Ora: messe da parte le mie onanistiche elucubrazioni e considerato come forse Risso e compagni se ne possano lecitamente fregare di quanto scrivo, va detto con molta semplicità che “Letters” è un disco fantastico, equilibrato, ben registrato, ben arrangiato, omogeneo, misteriosamente accattivante nonostante la tristezza che evapora dai suoi solchi. Mentre per i precedenti si disse che potevano essere ascoltati in mille momenti diversi, con pioggia e sole, leggendo o parlando, oppure in rigoroso silenzio, con “Letters” consiglio una certa precauzione. Non è musica da cena in compagnia, non è sottofondo per un viaggio da pendolari. La sua natura quasi narrativa, strutturata non forse proprio come lettere ma come capitoli di un libro, trascina o meglio accompagna, affianca l`ascoltatore lungo strade solitarie da paese di mare colto nella spiazzante solitudine invernale. Lo sticker posto sulla più che minimale copertina, raffigurante alcune case travolte da una marea biancastra, rende bene ciò che vi aspetta, una volta intrapreso questo viaggio tra chitarre acustiche mai di maniera accarezzate da archi sommessi o respiri umani (2 e 5), strumenti (forse a fiato) non meglio identificati a costruire tappeti melodici in minore (4) e note elettriche in punta di polpastrelli (1). Non mancano sortite di ritmi elettronici minimali e accenni noise, brevissimi e spiazzanti, ma è il pianoforte della lunga suite 6 una delle novità rispetto al passato, con i suoi nove minuti in lento incalzante divenire, il cui unico parallelo che può affacciarsi alla mia mente è l`immenso “The Wind is Strong” dei Cindy Talk, per il suo mescolarsi dolcissimo e struggente tra noise chitarristico perso in riverberi e pianoforte quasi classico.

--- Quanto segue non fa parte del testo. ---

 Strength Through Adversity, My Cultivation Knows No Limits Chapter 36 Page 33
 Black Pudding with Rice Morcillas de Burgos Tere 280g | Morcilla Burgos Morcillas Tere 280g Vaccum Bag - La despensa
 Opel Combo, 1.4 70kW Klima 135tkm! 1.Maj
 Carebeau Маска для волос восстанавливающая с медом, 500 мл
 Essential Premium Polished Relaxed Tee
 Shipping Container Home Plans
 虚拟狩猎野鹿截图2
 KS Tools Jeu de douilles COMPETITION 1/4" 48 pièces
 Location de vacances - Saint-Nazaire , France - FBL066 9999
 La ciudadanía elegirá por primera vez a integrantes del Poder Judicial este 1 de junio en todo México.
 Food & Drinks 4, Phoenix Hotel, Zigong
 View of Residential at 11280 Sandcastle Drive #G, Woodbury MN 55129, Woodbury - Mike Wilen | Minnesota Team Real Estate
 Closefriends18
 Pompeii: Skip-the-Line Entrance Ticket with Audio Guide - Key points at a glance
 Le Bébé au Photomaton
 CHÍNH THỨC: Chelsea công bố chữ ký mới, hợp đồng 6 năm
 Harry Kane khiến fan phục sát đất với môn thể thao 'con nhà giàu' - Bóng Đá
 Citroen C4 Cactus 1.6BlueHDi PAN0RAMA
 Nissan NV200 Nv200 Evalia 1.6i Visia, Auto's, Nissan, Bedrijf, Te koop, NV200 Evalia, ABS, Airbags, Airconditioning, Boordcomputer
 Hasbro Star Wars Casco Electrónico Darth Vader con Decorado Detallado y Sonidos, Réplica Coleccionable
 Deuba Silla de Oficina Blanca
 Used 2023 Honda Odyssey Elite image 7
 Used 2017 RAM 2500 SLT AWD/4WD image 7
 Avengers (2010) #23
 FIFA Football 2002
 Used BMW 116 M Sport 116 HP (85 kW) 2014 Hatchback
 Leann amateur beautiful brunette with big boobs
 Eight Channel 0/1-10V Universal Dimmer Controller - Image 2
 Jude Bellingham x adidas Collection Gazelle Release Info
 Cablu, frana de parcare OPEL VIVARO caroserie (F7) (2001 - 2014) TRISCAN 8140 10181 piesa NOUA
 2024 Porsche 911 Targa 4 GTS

Chiude 9, con un fischiettare di sottofondo, con i field recordings, con la pianolina lo-fi, con una ritmica che non è più acustica nè elettronica: non importa più, tanto i suoni sono ben amalgamati e misurati.
Gli Airportman sono senza dubbio uno dei miei gruppi preferiti e, seppur non giovanissimi, in continua ascesa artistica, tanto che auguro loro ogni possibile successo. Ora mi fermo però, che rischio di andare fuori tema e se mi legge la prof. del liceo consuma la penna rossa.